Current AI image tools struggle to make big, high-quality images from text because they often lose details or mess up the layout when scaling up.
What's the solution?
HiFlow uses a small version of the image as a guide to help the AI build a larger version step-by-step, keeping the main shapes correct and adding fine details without breaking anything.
Why it matters?
This lets artists and designers create high-quality posters, game graphics, or product images with AI that stay sharp even when zoomed in or printed large.
Abstract
Text-to-image (T2I) diffusion/flow models have drawn considerable attention recently due to their remarkable ability to deliver flexible visual creations.
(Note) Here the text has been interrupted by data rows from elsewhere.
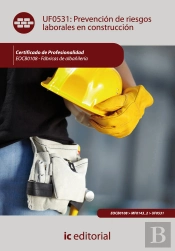 Prevencion De Riesgos Laborales Enconstruccion 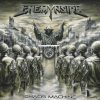 ENEMYNSIDE-CD-Chaos Machine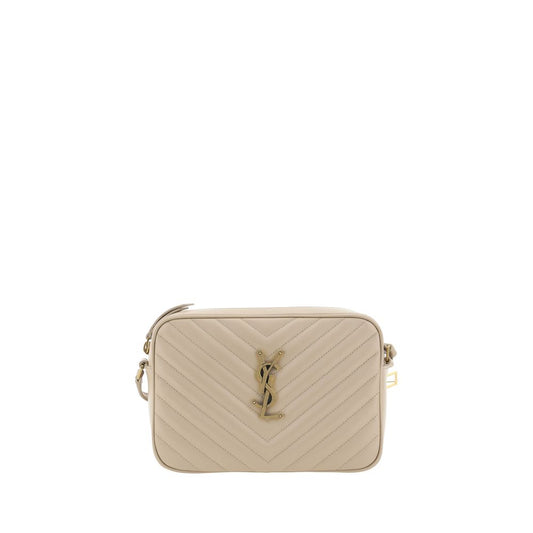 Saint Laurent LouLou Shoulder Bag Womens Shoulder Bag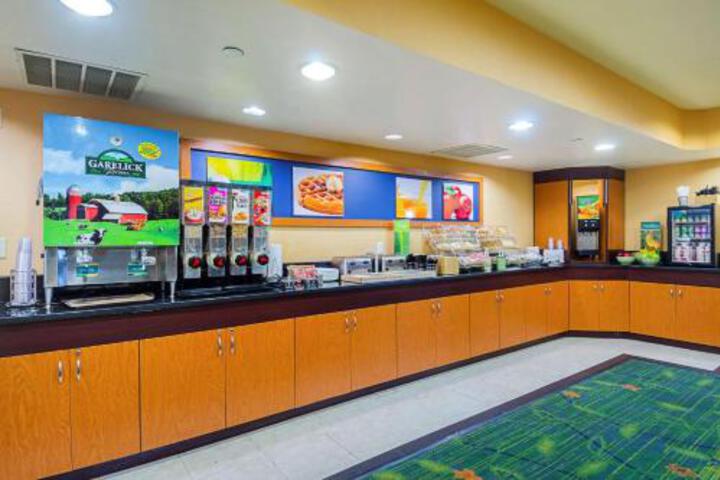 Quality Inn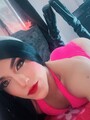 FOTOS DE RICA MUJER TRANS COLOMBIANA EN TU CIUDAD DISPUESTA A COMPLACERTE DOTADA 20 CM LE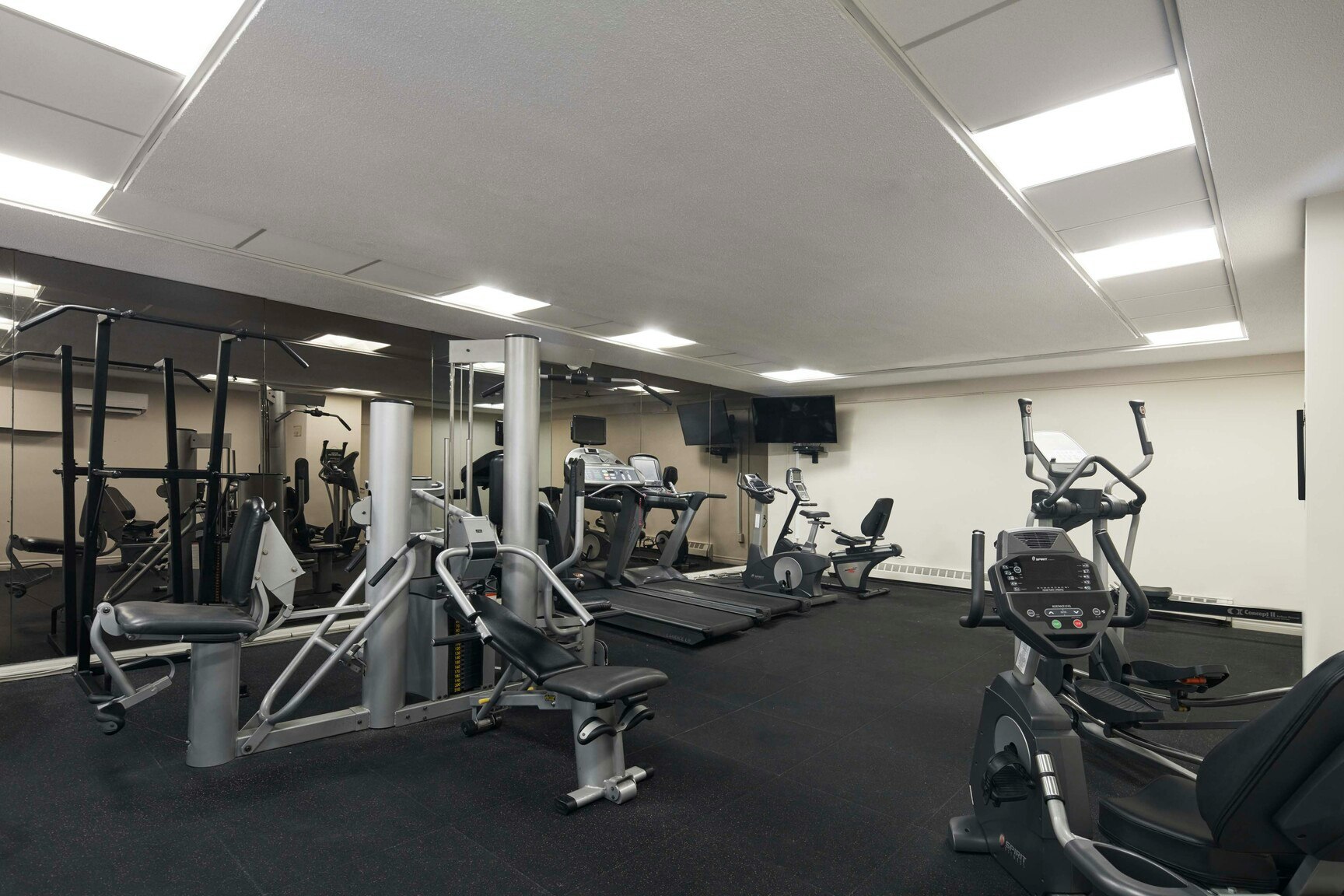 1708-57-53 Widdicombe Hill Boulevard, Toronto, ON, M9R 1Y3 - 10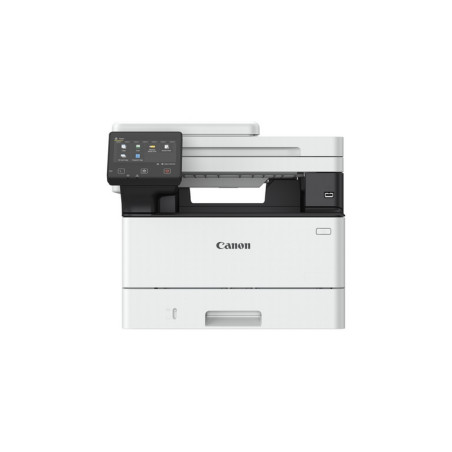 MF LAS B/N A4 FAX WIFI LAN F/R ADF CANON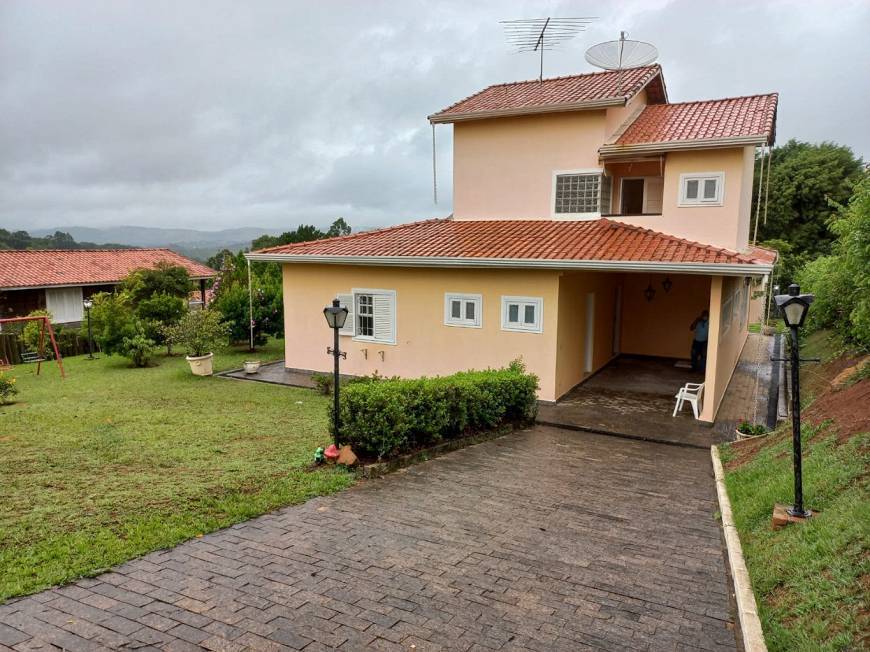 #1053 - Chácara para Venda em Mairinque - SP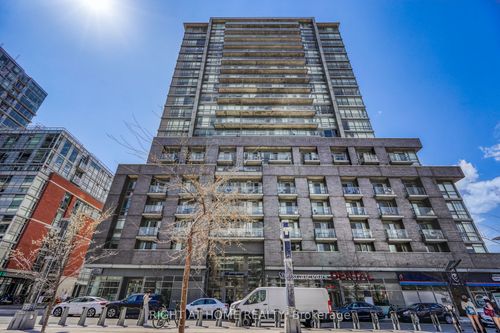 1227-68 Abell Street, Toronto, ON, M6J0B1 | Card Image
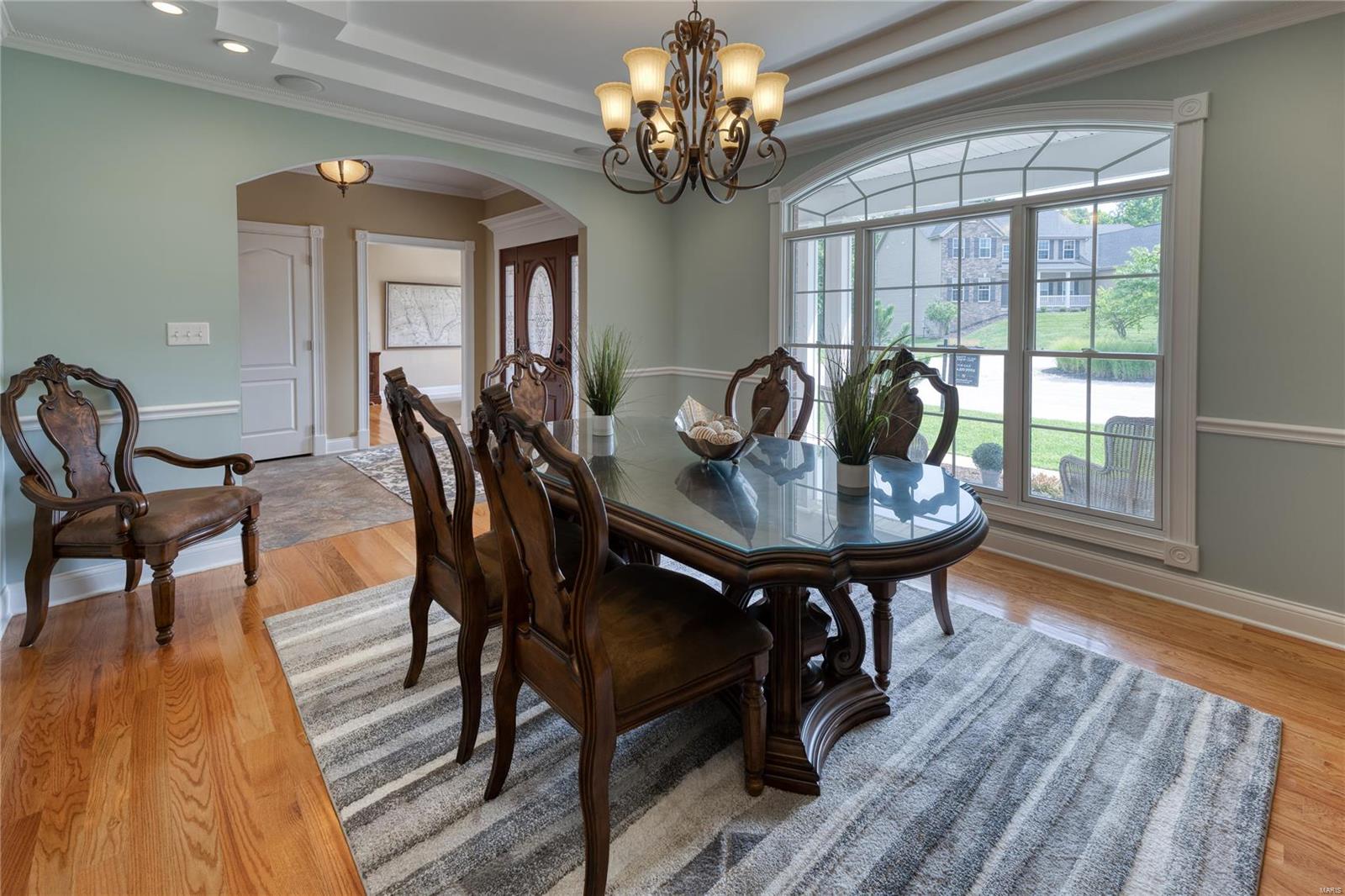 Homestead Estates At Wildwood - Residential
Still, high-resolution image synthesis presents formidable challenges due to the scarcity and complexity of high-resolution content. To this end, we present HiFlow, a training-free and model-agnostic framework to unlock the resolution potential of pre-trained flow models. Specifically, HiFlow establishes a virtual reference flow within the high-resolution space that effectively captures the characteristics of low-resolution flow information, offering guidance for high-resolution generation through three key aspects: initialization alignment for low-frequency consistency, direction alignment for structure preservation, and acceleration alignment for detail fidelity. By leveraging this flow-aligned guidance, HiFlow substantially elevates the quality of high-resolution image synthesis of T2I models and demonstrates versatility across their personalized variants. Extensive experiments validate HiFlow's superiority in achieving superior high-resolution image quality over current state-of-the-art methods.